Saint Petersburg Institute of History of the Russian Academy of Sciences
- Established: 1936; 89 years ago
- Focus: History and auxiliary sciences of history
- President: Prof.dr. A. V. Sirenov
- Members: 76 researchers
- Owner: Russian Academy of Sciences
- Formerly called: Leningrad branch of the Institute of History of the USSR Academy of Sciences
- Location: Petrozavodskaya st., 7, Saint Petersburg 197110, Russian Federation
- Coordinates: 59°57′49″N 30°17′31″E﻿ / ﻿59.96351°N 30.29183°E
- Website: spbiiran.ru/en/

= Saint Petersburg Institute of History =

The Saint Petersburg Institute of History (Санкт-Петербургский Институт истории) is a research institute of the Russian Academy of Sciences in the field of Russian and foreign history. It is part of the Department of Historical and Philological Sciences of the Russian Academy of Sciences. The organization is located in the estate of N. P. Likhachyov in Saint Petersburg, where he lived from 1902 to 1936, so the institute is also known as the "Likhachyov Mansion". As a research center, the institute continues the traditions of the St. Petersburg historical school, established by K. Bestuzhev-Ryumin, S. Platonov, A. Lappo-Danilevsky, A. Presnyakov and others.

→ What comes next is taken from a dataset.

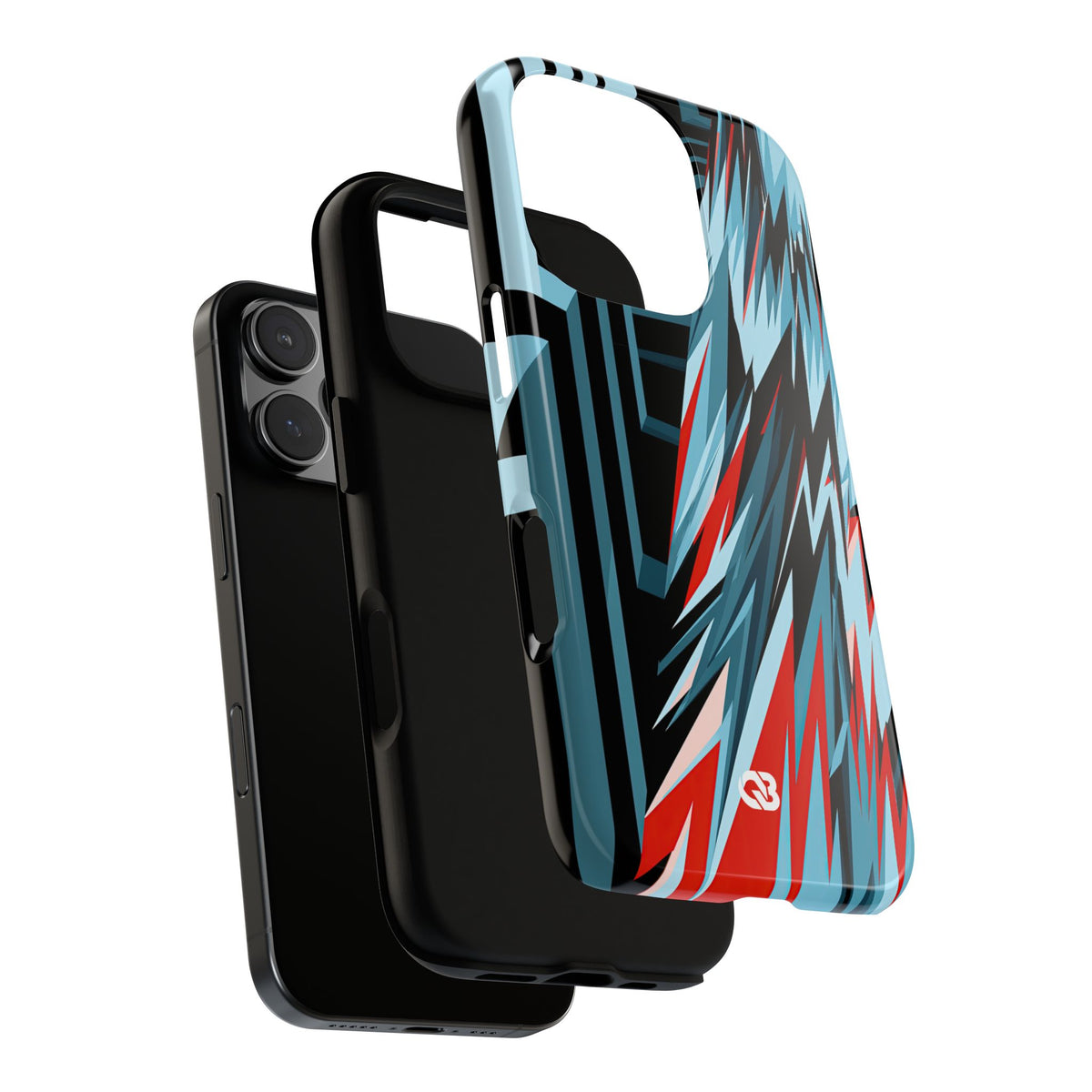 Blue Tough Phone Case for iPhone - Glitch Peak Cyan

Since 1936, the organization operated as the Leningrad branch of the Institute of History, Academy of Sciences of the Soviet Union. After the proclamation of independence of the Russian Federation, the organization began to exist as a branch of the Russian Academy of Sciences, and since 2000 has had its current name. At different times, such historians as B. Grekov, S. Zhebelev, V. Struve, Y. Tarle, I. Shaskol'skii, S. Kovalev, A. Lublinskaya, I. Petrushevsky, M. Sergeyenko worked at the institute. At present, the institute's staff conducts research in the following areas: classical studies, Byzantine studies, medieval history of Italian cities, American studies, history of the socio-political movements in Russia in the 19th century, history of feudalism in Russia, history of St. Petersburg, history of the Russian Revolution, history of the Siege of Leningrad.

The Institute has an archive that stores documents of the Archaeographic Commission, as well as documents from the collection of N. P. Likhachyov and other private collectors. In total, the archive contains over 188 thousand storage units. The documents concern the history of Russia (13th — 20th centuries) and Europe (7th — 20th centuries). Among the documents are:
- acts of Italian and German cities, papal bulls, documents of European monarchs;
- monastery funds (archives of Solovetsky, Alexander-Svirsky, Siya, Valday, Tikhvin and other monasteries of North-West Russia);
- family funds (archives of Vorontsov, Demidov, Tatishchev, Stroganov, Shuvalov and others Russian noble families).